**YOUR TASK:** All lines with the word "each" in the material below are required.

=== Section Start ===

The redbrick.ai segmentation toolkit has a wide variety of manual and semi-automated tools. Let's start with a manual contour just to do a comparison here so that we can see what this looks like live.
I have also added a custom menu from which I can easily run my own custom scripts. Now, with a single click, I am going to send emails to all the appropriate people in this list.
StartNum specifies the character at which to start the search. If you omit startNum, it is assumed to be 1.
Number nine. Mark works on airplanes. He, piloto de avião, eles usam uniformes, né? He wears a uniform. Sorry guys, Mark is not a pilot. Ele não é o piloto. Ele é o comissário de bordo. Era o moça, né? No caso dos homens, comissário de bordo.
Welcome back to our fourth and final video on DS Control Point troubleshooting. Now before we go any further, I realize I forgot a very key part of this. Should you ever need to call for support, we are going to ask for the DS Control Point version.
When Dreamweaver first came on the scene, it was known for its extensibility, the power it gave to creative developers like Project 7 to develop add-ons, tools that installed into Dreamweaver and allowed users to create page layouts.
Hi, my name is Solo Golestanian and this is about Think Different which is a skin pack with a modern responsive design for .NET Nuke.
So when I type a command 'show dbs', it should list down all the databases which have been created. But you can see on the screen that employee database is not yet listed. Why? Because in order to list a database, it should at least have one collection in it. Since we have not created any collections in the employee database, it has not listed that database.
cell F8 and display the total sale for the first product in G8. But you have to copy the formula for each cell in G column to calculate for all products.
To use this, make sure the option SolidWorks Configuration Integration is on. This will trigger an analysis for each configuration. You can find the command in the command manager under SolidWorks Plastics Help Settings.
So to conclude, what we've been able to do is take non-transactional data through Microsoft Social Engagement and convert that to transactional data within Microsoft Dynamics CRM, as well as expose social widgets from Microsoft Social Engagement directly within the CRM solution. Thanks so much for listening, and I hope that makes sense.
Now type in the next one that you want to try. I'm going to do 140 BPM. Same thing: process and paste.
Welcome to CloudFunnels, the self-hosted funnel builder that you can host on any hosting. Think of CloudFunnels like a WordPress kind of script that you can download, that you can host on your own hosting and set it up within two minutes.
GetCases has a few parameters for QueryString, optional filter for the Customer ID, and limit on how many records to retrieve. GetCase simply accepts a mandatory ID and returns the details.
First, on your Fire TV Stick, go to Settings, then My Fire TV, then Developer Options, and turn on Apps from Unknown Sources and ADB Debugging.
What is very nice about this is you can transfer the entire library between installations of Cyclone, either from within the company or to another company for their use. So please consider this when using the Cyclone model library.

=== Section End ===

**WRITTEN ANSWER:**
cell F8 and display the total sale for the first product in G8. But you have to copy the formula for each cell in G column to calculate for all products.
To use this, make sure the option SolidWorks Configuration Integration is on. This will trigger an analysis for each configuration. You can find the command in the command manager under SolidWorks Plastics Help Settings.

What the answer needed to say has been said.